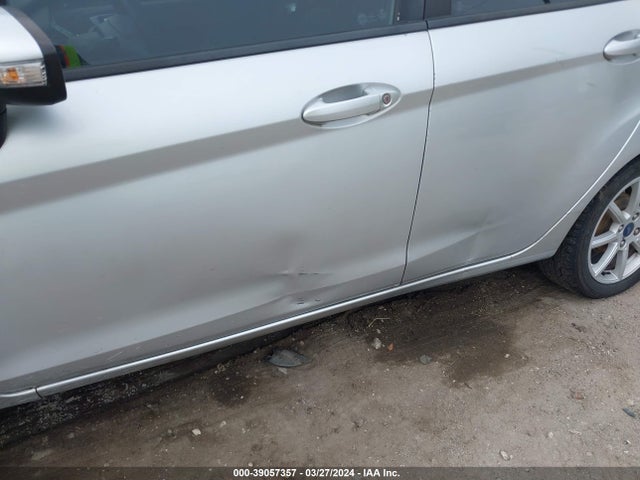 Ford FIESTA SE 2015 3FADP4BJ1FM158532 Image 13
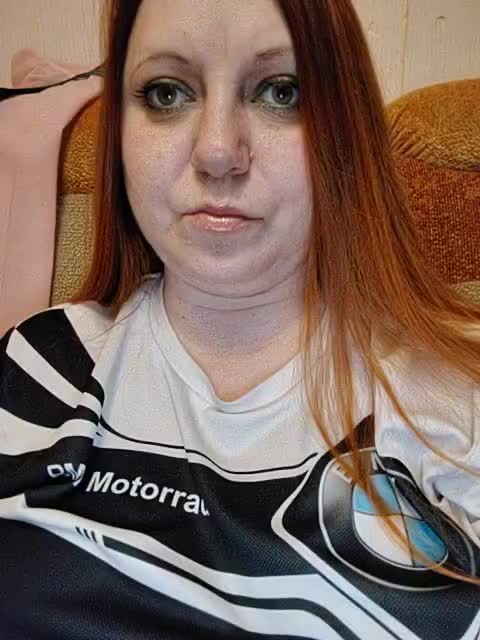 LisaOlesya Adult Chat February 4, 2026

┄┄┄┄┄┄┄┄┄┄┄┄┄┄┄┄┄┄┄┄

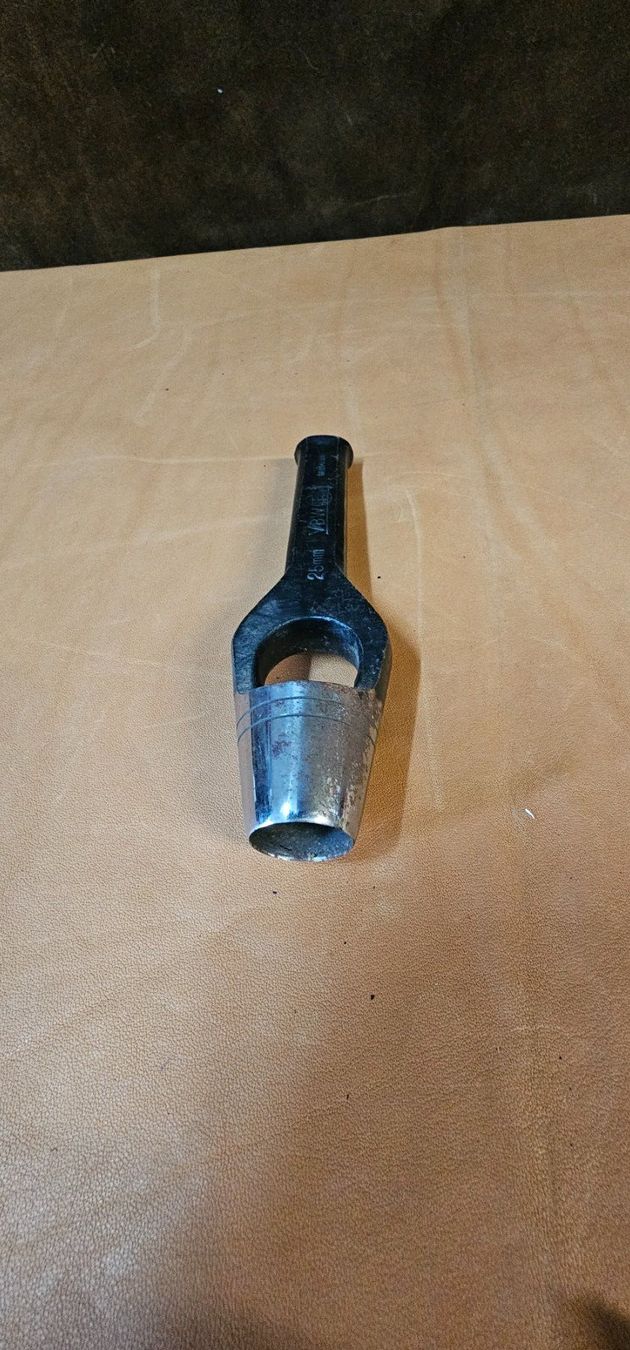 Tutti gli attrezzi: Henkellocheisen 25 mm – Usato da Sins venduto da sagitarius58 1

┄┄┄┄┄┄┄┄┄┄┄┄┄┄┄┄┄┄┄┄

* **AIM OF THE EXERCISE**
Copy word for word the lines above, starting at the line containing "Ford FIESTA SE" and ending at the line containing "LisaOlesya Adult Chat February 4, 2026", inclusive, with no pictures.

* **SOLUTION FOR THIS TASK**
 Ford FIESTA SE 2015 3FADP4BJ1FM158532 Image 13
 LisaOlesya Adult Chat February 4, 2026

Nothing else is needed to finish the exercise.